26 July 2007

El hombre y su dios

Debajo de las piedras había un hombre inventándose un dios a cada rato. Todos los días se levantaba y cargaba su piedra de un lado a otro de la calle en peregrinación y evangelio. Nunca regresaba al mismo lugar. Atrás dejaba su labor, su mensaje. Estaba seguro de que quien lo hubiera escuchado habría entendido lo que sus palabras, que no eran suyas, según decía, quisieron decir. Como a eso de las 10 de la mañana, después de haber desayunado pasto o alguna hormiga, luego de beber de alguna gota de rocío pegada a la hierba, se sentaba por horas a pensar y a rezar en ese dios inventado. Seguro estaba de que ese ser supremo lo había creado todo. A veces escribía las palabras que decía escuchar en su voz. Cada enunciado que manaba de su respirar era siempre atribuido a la palabra de su señor. Sus frases, o iluminación, como él mismo la llamaba, poco se comprometían con lo tangible, siempre dándole la vuelta a las cosas. Decía que habría un tiempo en que nosotros los perdidos seguiríamos las enseñanzas de quien él dice es un señor bonachón y travieso.

La roca nunca le pesaba. Él decía que el "Siempre Presente" se la dio para que aprendiera a amarlo. En ciertas fechas, no recuerdo cuáles, este diminuto hombre que vive debajo de las piedras inventándose un dios a cada rato se laceraba la espalda con hierbas secas por esa fe ciega que le tenía a quien él llama Padre. Yo llegué a pensar que estaba cegado, que una de esas piedras que cargaba le ha caído más de una vez en la cabeza y por eso no veía las cosas como son. Claro que nunca le dije eso. Yo sólamente le saludaba cada que lo miraba atravezar la calle o salir de entre las piedras para orar al cielo. Había veces en las que siendo presa de la aburrición me ponía a escuchar sus oraciones, misterios y plegarias a ese ser que lo sabía todo. Él esperaba que todo pasara según la voluntad de eso más grande. No escuchaba de razones y entendimientos porque, él decía, aquello que todo lo puede no se mide con lo que ha hecho sino con lo que está siempre por venir.

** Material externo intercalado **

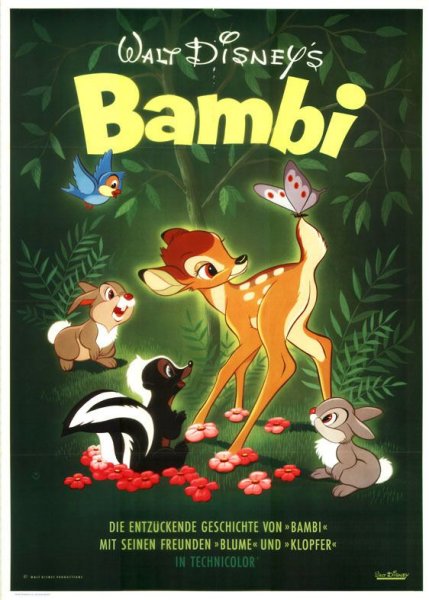 Мультфильм Уолта Диснея Бэмби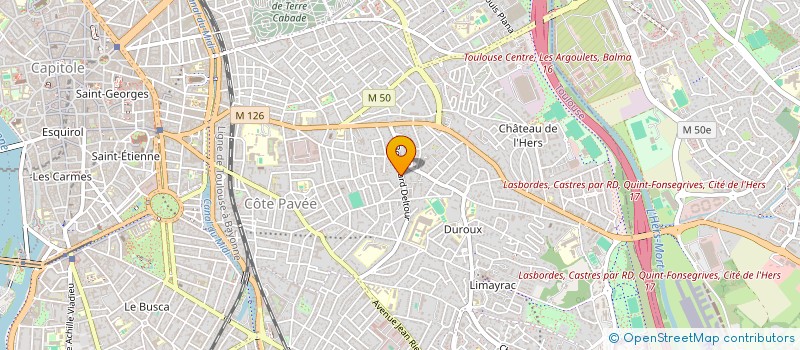 localisation de l'entreprise SCI CASA CASTEL à TOULOUSE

Una mañana de la semana pasada lo pude ver. Sin querer pateé una roca de cantos redondos y precisos, una piedra de agua, mientras caminaba a la vuelta de mi casa. Para mí todas las piedras se ven iguales. Él estaba ahí, debajo; quizás dormido. Se espantó de los pies a la cabeza. Dio un brinco y se sacudió todito. Quiso correr, alejarse y voltear a verme al mismo tiempo. Por no mirar el camino de su huída tropezó con una semilla que alguien habría tirado en la banqueta. Yo me quedé ahí. Frío. No moví un dedo. Las nubes avanzaban otro tanto encima de nosotros. Distinguí bien su cara de horror. Así, con ese rostro apesumbrado, se fue arrastrando hasta llegar a un montoncito de polvo y hojas secar que estaba a un paso de distancia. Respiraba agitado. Su pequeño pecho se hinchaba con cada bocanada. Volteó a mirarme con el corazón brincándole en los ojos y el pescuezo. Tenía sangre en sus manos y rodillas. Quise ayudarle a llegar más rápido, pero entendí que no debía hacerlo. Me quedé ahí, frío. Él se metió debajo de una hoja seca que se fue volando con el viento. Ahora ya no pateo las piedras, piso las hojas secas y amarillas. Me gusta oirlas resquebrajarse.